A desnacionalização fundiária
Mauro Santayana
Há cem anos, sobre um vasto território entre o Paraná e Santa Catarina, uma empresa norte-americana, a Southern Brazil Lumber & Colonization, reinava absoluta. Com a maioria de empregados norte-americanos, contratados por Percival Farquhar, que pretendia transformar o Brasil em vasta empresa de sua propriedade, a Lumber abatia todas as árvores de valor comercial, da imbuia à araucária. Todas as manhãs, ao som de um gramofone, os empregados – incluídos os brasileiros – reunidos na sede da empresa, em Três Barras, entoavam o hino norte-americano, The Star-Spangled Banner, enquanto a bandeira de listras e estrelas era hasteada. Ao anoitecer, repetia-se a cerimônia, ao recolher-se o pavilhão. Ali mandavam e desmandavam os ianques.

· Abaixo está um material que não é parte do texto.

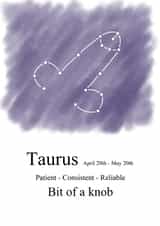 Cheeky star sign traits card for a Taurus created by Shore Designs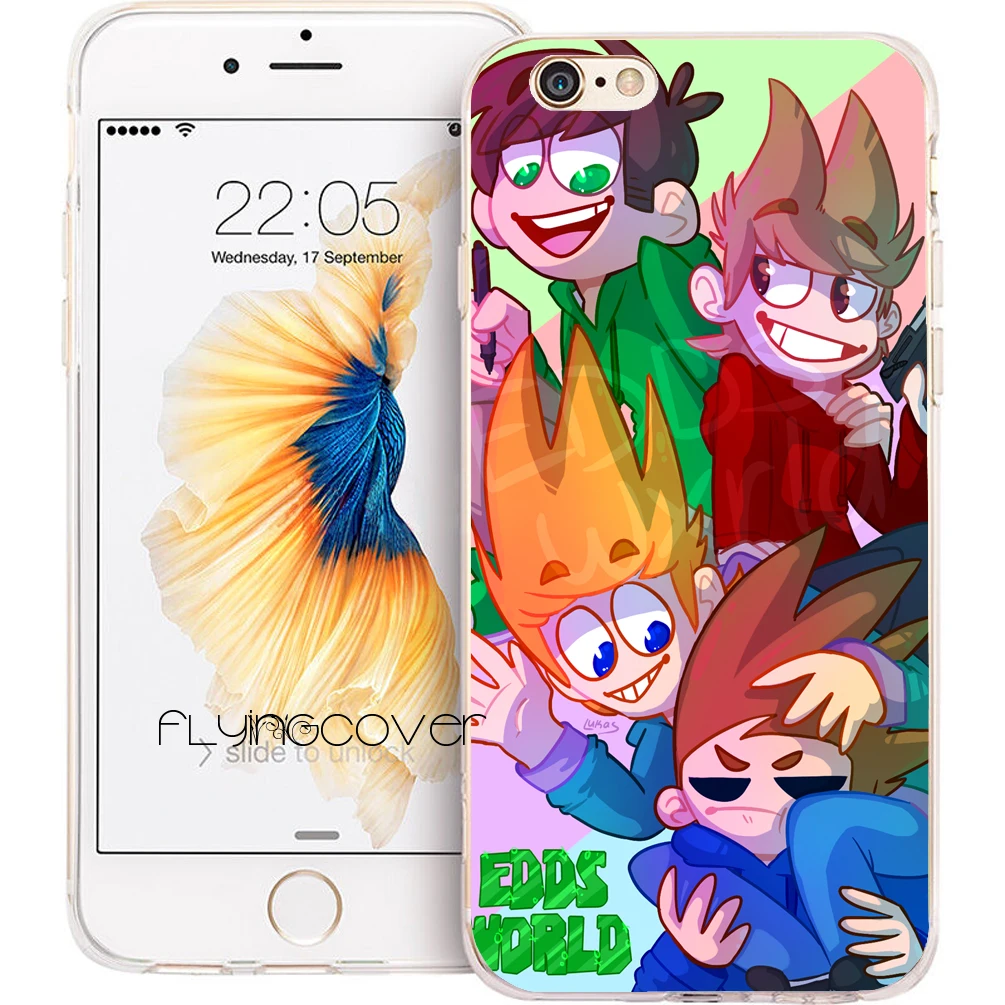 Прозрачный мягкий силиконовый чехол для телефона с рисунком Eddsworld iPhone XS Max XR X 7 8 6 S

O imenso espaço em que se moviam os homens de Farquhar estava fora da jurisdição brasileira.
Embora não houvesse sido a única razão do conflito, a Lumber esteve no centro da Guerra do Contestado, um dos mais épicos movimentos de afirmação nacionalista do povo brasileiro. Nele, houve de tudo, dos interesses econômicos de Farquhar e seus assalariados pertencentes às oligarquias políticas, ao fanatismo religioso, em que não faltou uma Joana d’Arc – a menina Maria Rosa morta aos 15 anos na beira do Rio Caçador, lutando como homem.

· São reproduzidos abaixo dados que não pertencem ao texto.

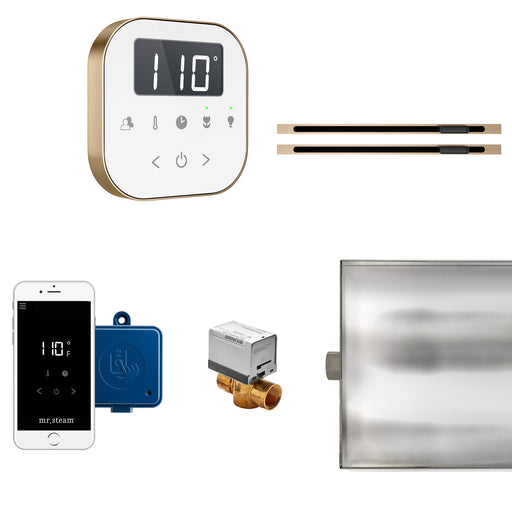 AirButler Max Linear Steam Shower Control Package with AirTempo Control and Linear SteamHead in White Brushed Bronze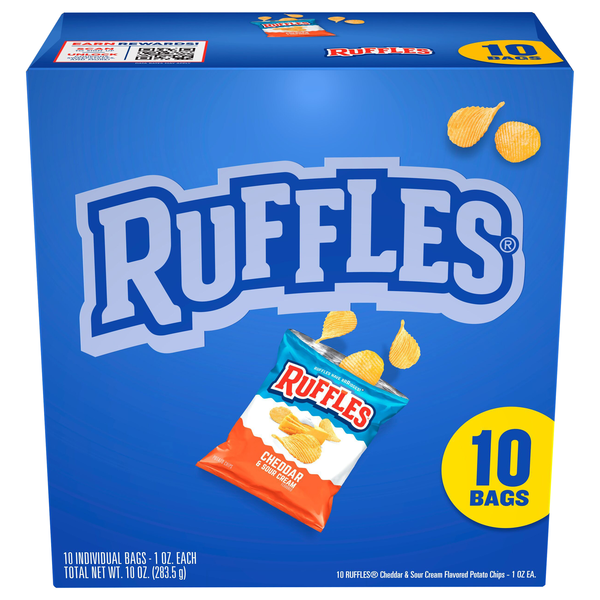 Ruffles Cheddar & Sour Cream Potato Chips - 10 ct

Mas há duas formas de pisar o chão pátrio: a dos ricos e a dos pobres.Isso explica por que os grandes agronegocistas brasileiros estão pressionando o governo e o Congresso, a fim de que sejam abolidas as restrições (já de si débeis) à aquisição de terras nacionais pelos estrangeiros. Eles querem ganhar, ao se associarem aos capitais de fora ou participando da especulação de terras. Calcula-se que mais de um por cento das terras brasileiras já pertençam, e de forma legalizada, aos alienígenas. A essa enorme área há que se acrescentar glebas imensas, adquiridas de forma subreptícia, e sem conhecimento público, porque os cartórios de imóveis estão dispensados de registrar a nacionalidade dos compradores.
O Congresso está para aprovar a flexibilização das leis que regulam o assunto, ao estender à agropecuária a Doutrina Fernando Henrique Cardoso, que considera empresa nacional qualquer uma que se estabelecer no Brasil, com o dinheiro vindo de onde vier e controlada por quem for, e que tenha sua sede em Nova Iorque ou nas Ilhas Virgens.